▶ _What you should do_
Your job is to retype all of the data word for word, leaving every image out.

━━━ Data block ━━━

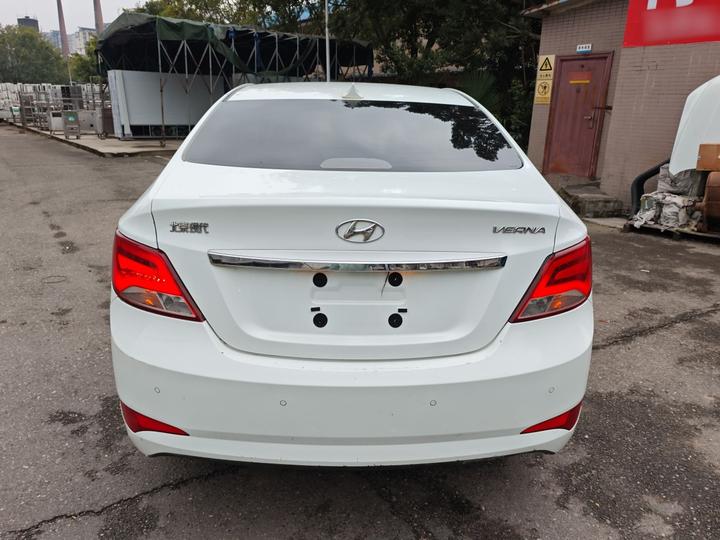 Verna 2014 1.4L MT TOP photo 3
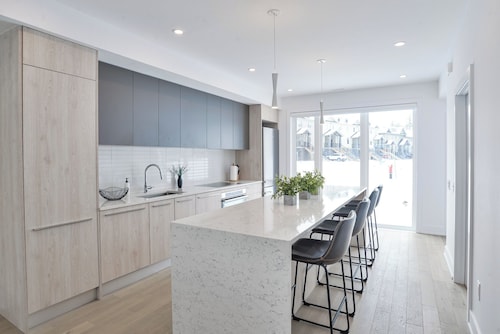 Modern Luxury Resort Villa on Muskoka Bay Golf Course - 5 min from Lake Muskoka!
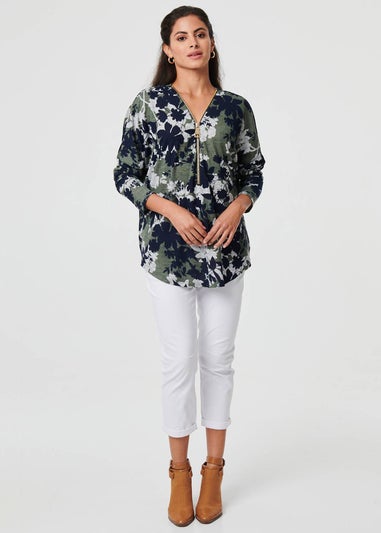 Izabel London Green Leaf Print Zip Front Relaxed Top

━━━

▶ _Reply to the exercise_
 Verna 2014 1.4L MT TOP photo 3
 Modern Luxury Resort Villa on Muskoka Bay Golf Course - 5 min from Lake Muskoka!
 Izabel London Green Leaf Print Zip Front Relaxed Top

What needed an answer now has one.